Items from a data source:
◇ ◇ ◇ ◇ ◇

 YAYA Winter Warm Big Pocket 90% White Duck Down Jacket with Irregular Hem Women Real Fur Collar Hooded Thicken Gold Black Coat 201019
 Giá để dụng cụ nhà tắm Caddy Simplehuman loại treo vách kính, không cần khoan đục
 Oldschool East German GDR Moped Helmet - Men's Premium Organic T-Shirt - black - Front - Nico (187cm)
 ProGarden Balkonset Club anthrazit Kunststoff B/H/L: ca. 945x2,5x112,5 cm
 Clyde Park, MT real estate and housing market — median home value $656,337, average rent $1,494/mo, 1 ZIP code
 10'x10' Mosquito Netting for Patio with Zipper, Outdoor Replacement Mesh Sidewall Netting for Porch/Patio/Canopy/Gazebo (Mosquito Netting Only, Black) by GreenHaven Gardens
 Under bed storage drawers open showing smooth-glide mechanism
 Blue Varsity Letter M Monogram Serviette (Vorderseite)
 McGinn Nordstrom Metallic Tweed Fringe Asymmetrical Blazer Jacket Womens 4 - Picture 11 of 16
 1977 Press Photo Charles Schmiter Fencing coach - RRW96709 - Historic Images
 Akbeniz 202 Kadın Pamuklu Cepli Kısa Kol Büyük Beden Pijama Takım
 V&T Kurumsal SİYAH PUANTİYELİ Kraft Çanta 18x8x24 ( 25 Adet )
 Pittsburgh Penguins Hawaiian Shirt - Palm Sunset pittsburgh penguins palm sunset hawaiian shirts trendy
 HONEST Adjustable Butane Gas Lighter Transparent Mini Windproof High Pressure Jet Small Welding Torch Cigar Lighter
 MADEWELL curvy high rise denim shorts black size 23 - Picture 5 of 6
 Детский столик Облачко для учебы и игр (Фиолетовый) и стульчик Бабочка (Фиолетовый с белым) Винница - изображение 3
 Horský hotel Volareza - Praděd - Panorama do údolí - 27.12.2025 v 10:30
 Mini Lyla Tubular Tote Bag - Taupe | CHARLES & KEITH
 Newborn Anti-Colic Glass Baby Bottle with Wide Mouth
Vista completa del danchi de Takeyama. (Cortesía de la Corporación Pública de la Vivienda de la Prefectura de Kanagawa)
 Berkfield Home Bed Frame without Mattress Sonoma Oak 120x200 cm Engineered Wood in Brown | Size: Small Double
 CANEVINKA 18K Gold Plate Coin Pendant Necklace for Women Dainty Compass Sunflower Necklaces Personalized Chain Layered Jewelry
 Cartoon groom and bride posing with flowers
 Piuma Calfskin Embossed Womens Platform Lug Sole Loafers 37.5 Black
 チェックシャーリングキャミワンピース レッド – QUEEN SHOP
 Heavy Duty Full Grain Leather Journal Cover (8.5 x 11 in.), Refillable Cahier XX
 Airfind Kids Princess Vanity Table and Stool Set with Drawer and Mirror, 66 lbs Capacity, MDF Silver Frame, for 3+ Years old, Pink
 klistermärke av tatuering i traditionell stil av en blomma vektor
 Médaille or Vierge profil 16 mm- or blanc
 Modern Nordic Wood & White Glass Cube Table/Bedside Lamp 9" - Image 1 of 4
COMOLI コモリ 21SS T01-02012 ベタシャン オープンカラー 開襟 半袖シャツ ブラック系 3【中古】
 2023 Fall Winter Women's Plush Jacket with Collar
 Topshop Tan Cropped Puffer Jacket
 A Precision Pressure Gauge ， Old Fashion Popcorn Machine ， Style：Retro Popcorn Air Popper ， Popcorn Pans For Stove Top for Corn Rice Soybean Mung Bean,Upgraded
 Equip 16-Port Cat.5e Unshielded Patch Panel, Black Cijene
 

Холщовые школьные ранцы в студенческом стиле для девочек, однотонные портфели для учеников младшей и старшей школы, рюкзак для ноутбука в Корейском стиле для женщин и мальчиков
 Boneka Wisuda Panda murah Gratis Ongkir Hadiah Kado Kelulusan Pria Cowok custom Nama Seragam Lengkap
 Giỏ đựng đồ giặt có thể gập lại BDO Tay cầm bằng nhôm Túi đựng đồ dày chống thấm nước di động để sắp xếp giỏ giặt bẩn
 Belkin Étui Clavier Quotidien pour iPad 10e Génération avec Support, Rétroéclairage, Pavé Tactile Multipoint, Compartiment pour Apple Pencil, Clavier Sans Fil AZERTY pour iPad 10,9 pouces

◇ ◇ ◇ ◇ ◇

### WHAT YOU SHOULD DO
The records are to be duplicated in full, with every word kept exactly.

### OUTPUT FOR THIS EXERCISE
 YAYA Winter Warm Big Pocket 90% White Duck Down Jacket with Irregular Hem Women Real Fur Collar Hooded Thicken Gold Black Coat 201019
 Giá để dụng cụ nhà tắm Caddy Simplehuman loại treo vách kính, không cần khoan đục
 Oldschool East German GDR Moped Helmet - Men's Premium Organic T-Shirt - black - Front - Nico (187cm)
 ProGarden Balkonset Club anthrazit Kunststoff B/H/L: ca. 945x2,5x112,5 cm
 Clyde Park, MT real estate and housing market — median home value $656,337, average rent $1,494/mo, 1 ZIP code
 10'x10' Mosquito Netting for Patio with Zipper, Outdoor Replacement Mesh Sidewall Netting for Porch/Patio/Canopy/Gazebo (Mosquito Netting Only, Black) by GreenHaven Gardens
 Under bed storage drawers open showing smooth-glide mechanism
 Blue Varsity Letter M Monogram Serviette (Vorderseite)
 McGinn Nordstrom Metallic Tweed Fringe Asymmetrical Blazer Jacket Womens 4 - Picture 11 of 16
 1977 Press Photo Charles Schmiter Fencing coach - RRW96709 - Historic Images
 Akbeniz 202 Kadın Pamuklu Cepli Kısa Kol Büyük Beden Pijama Takım
 V&T Kurumsal SİYAH PUANTİYELİ Kraft Çanta 18x8x24 ( 25 Adet )
 Pittsburgh Penguins Hawaiian Shirt - Palm Sunset pittsburgh penguins palm sunset hawaiian shirts trendy
 HONEST Adjustable Butane Gas Lighter Transparent Mini Windproof High Pressure Jet Small Welding Torch Cigar Lighter
 MADEWELL curvy high rise denim shorts black size 23 - Picture 5 of 6
 Детский столик Облачко для учебы и игр (Фиолетовый) и стульчик Бабочка (Фиолетовый с белым) Винница - изображение 3
 Horský hotel Volareza - Praděd - Panorama do údolí - 27.12.2025 v 10:30
 Mini Lyla Tubular Tote Bag - Taupe | CHARLES & KEITH
 Newborn Anti-Colic Glass Baby Bottle with Wide Mouth
Vista completa del danchi de Takeyama. (Cortesía de la Corporación Pública de la Vivienda de la Prefectura de Kanagawa)
 Berkfield Home Bed Frame without Mattress Sonoma Oak 120x200 cm Engineered Wood in Brown | Size: Small Double
 CANEVINKA 18K Gold Plate Coin Pendant Necklace for Women Dainty Compass Sunflower Necklaces Personalized Chain Layered Jewelry
 Cartoon groom and bride posing with flowers
 Piuma Calfskin Embossed Womens Platform Lug Sole Loafers 37.5 Black
 チェックシャーリングキャミワンピース レッド – QUEEN SHOP
 Heavy Duty Full Grain Leather Journal Cover (8.5 x 11 in.), Refillable Cahier XX
 Airfind Kids Princess Vanity Table and Stool Set with Drawer and Mirror, 66 lbs Capacity, MDF Silver Frame, for 3+ Years old, Pink
 klistermärke av tatuering i traditionell stil av en blomma vektor
 Médaille or Vierge profil 16 mm- or blanc
 Modern Nordic Wood & White Glass Cube Table/Bedside Lamp 9" - Image 1 of 4
COMOLI コモリ 21SS T01-02012 ベタシャン オープンカラー 開襟 半袖シャツ ブラック系 3【中古】
 2023 Fall Winter Women's Plush Jacket with Collar
 Topshop Tan Cropped Puffer Jacket
 A Precision Pressure Gauge ， Old Fashion Popcorn Machine ， Style：Retro Popcorn Air Popper ， Popcorn Pans For Stove Top for Corn Rice Soybean Mung Bean,Upgraded
 Equip 16-Port Cat.5e Unshielded Patch Panel, Black Cijene
 

Холщовые школьные ранцы в студенческом стиле для девочек, однотонные портфели для учеников младшей и старшей школы, рюкзак для ноутбука в Корейском стиле для женщин и мальчиков
 Boneka Wisuda Panda murah Gratis Ongkir Hadiah Kado Kelulusan Pria Cowok custom Nama Seragam Lengkap
 Giỏ đựng đồ giặt có thể gập lại BDO Tay cầm bằng nhôm Túi đựng đồ dày chống thấm nước di động để sắp xếp giỏ giặt bẩn
 Belkin Étui Clavier Quotidien pour iPad 10e Génération avec Support, Rétroéclairage, Pavé Tactile Multipoint, Compartiment pour Apple Pencil, Clavier Sans Fil AZERTY pour iPad 10,9 pouces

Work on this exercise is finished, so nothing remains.